Quelle qu'ait donc été l'attention du législateur et sa prévoyance, aucune loi ne pourra jamais parfaitement
correspondre à tous les cas de figure : « en certains cas », qui diffèrent justement du cas général ou le plus fréquent,
les lois s'avèrent inadaptées, et les appliquer stupidement ne pourrait engendrer que de l'injustice, c'est-à-dire être
contraire à l'esprit des lois lui-même. Quelquefois, en effet, la défense du bien public exige qu'on adapte la loi à une
circonstance exceptionnelle qu'elle n'avait pas prévue. La loi en effet est au service de la « justice et du bien public »

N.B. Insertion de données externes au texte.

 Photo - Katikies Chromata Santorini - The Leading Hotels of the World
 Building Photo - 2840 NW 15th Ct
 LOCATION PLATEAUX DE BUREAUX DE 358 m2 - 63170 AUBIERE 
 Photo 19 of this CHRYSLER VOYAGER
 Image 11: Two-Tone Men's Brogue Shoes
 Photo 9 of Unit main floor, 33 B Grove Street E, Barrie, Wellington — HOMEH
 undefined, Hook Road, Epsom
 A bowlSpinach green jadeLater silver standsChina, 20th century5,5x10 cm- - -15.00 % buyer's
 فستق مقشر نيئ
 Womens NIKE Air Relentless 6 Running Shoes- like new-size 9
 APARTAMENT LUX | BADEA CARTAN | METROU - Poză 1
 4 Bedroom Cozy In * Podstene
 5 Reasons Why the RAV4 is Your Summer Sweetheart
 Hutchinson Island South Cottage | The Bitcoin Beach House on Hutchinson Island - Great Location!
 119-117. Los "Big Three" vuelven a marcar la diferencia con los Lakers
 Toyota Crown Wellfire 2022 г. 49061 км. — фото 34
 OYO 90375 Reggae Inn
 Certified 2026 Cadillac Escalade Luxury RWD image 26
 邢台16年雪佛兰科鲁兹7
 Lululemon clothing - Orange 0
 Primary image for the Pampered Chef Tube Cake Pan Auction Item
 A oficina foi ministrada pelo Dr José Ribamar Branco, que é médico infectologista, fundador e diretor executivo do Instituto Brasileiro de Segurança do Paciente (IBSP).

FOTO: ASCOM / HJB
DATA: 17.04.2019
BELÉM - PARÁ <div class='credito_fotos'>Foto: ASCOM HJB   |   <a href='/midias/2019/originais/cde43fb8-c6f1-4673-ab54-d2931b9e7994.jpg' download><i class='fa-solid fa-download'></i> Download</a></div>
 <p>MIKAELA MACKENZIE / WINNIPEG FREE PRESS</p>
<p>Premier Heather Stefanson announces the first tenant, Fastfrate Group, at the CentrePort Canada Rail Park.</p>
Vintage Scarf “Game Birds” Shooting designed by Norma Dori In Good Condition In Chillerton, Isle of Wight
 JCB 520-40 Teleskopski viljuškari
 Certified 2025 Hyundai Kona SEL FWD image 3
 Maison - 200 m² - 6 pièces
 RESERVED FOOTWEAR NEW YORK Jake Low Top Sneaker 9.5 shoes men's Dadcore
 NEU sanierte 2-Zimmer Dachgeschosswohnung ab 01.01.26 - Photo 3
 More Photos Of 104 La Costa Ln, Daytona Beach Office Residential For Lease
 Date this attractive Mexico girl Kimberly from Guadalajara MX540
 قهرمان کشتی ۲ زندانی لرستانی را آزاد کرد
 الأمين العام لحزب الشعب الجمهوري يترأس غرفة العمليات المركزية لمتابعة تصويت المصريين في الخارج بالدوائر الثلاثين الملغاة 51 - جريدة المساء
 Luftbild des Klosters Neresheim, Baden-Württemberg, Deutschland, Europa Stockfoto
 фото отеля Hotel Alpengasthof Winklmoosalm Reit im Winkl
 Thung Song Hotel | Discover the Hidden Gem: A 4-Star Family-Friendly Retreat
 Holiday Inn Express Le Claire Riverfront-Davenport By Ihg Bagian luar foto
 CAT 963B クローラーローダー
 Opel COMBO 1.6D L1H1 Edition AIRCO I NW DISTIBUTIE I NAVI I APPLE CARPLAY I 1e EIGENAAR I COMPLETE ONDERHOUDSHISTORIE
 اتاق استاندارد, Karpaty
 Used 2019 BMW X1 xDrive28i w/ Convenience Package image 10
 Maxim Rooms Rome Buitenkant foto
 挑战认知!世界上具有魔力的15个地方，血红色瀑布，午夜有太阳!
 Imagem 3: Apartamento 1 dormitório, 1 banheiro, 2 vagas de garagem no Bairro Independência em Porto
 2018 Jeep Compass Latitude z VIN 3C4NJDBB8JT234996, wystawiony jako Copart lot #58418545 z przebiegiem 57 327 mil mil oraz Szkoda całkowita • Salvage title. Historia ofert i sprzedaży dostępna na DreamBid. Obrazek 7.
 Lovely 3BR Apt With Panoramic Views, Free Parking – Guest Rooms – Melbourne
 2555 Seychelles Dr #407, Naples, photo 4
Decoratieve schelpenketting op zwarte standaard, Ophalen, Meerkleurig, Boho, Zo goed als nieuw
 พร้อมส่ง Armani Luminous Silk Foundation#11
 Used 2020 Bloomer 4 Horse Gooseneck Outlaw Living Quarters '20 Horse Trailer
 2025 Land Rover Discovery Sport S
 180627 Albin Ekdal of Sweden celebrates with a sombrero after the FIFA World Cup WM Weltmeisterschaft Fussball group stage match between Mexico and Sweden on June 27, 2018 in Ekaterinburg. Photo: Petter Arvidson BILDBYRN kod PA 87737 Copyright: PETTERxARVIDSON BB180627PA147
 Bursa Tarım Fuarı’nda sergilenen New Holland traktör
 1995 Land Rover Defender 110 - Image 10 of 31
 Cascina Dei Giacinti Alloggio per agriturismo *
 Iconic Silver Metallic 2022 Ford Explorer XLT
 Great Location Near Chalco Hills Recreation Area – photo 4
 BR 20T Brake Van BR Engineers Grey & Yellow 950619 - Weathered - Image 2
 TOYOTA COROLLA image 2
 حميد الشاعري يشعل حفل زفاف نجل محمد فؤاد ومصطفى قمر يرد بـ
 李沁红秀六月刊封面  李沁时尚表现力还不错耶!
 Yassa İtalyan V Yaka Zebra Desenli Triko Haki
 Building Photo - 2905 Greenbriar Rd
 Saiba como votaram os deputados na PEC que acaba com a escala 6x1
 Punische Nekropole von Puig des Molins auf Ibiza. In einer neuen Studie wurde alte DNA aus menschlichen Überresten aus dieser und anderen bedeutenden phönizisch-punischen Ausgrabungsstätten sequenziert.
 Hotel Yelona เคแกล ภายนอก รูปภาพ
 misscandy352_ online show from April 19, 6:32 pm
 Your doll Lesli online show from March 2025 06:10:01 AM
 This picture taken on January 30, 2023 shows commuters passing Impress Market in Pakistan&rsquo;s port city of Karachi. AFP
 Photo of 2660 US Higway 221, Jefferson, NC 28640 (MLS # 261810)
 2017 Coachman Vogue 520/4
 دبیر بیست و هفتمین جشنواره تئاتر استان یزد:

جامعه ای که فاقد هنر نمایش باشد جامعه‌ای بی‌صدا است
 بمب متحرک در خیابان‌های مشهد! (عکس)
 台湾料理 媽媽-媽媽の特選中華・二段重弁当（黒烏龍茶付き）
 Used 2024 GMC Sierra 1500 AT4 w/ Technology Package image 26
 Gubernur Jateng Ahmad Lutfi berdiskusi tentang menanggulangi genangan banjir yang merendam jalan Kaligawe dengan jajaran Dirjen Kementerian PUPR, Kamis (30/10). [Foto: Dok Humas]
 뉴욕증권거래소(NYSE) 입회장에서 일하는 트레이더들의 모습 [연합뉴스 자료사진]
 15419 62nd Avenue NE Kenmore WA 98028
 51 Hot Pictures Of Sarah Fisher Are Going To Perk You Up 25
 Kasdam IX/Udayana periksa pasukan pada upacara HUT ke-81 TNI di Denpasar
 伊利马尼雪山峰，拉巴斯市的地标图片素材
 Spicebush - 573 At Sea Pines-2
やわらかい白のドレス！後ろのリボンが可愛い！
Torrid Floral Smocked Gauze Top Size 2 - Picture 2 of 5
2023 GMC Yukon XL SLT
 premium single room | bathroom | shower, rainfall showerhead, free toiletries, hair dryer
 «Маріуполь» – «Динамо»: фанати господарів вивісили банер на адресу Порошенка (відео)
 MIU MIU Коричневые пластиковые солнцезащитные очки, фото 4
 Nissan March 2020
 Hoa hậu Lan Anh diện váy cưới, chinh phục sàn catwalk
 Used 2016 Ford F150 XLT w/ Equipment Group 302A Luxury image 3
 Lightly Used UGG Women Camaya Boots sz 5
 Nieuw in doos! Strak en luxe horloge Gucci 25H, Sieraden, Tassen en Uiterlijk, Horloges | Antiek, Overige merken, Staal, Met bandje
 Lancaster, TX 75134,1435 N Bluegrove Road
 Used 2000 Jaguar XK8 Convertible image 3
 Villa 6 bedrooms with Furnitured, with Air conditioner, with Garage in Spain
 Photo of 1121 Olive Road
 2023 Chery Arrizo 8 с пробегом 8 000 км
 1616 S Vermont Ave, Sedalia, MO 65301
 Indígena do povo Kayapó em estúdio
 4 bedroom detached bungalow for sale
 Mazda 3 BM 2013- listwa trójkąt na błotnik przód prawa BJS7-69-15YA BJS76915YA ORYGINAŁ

et elle doit le demeurer. Pour cela, il faut qu'elle sache s'adapter à la situation en présence : tel est du moins le sens de
« l'équité », qui est une vertu morale.
L'équité, c'est le sens de ce qui est juste. Or ce qui est juste en certaines circonstances ne l'est plus en d'autres, quoi
qu'en dise la loi qui ne retient que le cas général. Il ne s'agit donc pas d'en appeler à l'équité pour ne pas punir les
coupables ou pour s'affranchir de l'obéissance lorsque cela nous arrange : le juge doit être équitable, c'est-à-dire
savoir que l'important, c'est ce que la loi défend (le bien commun), en d'autres termes que l'application de la loi n'est
pas une fin en soi.
Il faut donc ici distinguer deux sens de la justice : au premier sens, est juste ce qui est conforme à « la justice
déterminée par la loi ». Mais, en un autre sens, la justice déterminée par la loi peut s'avérer elle-même injuste, et il
faut alors en appeler à l'équité. Cette distinction a une origine aristotélicienne qu'il faudra étudier parce qu'elle n'est
pas exempte de tout présupposé.
Conclusion
Lorsque nous faisons de l'homme un agent libre et responsable, quand autrement dit nous reconnaissons un caractère
foncièrement contingent à l'action humaine, alors l'évaluation des circonstances devient la condition même de la
justice, parce que tous les cas deviennent particuliers. Et ramener le particulier au général, tel est le rôle de
l'interprétation, qui devra se guider sur l'esprit des lois afin d'en appliquer équitablement la lettre. Nous retrouvons alors
ici exactement la fonction qu'Aristote assignait au juge : il ne saurait y avoir de justice sans équité.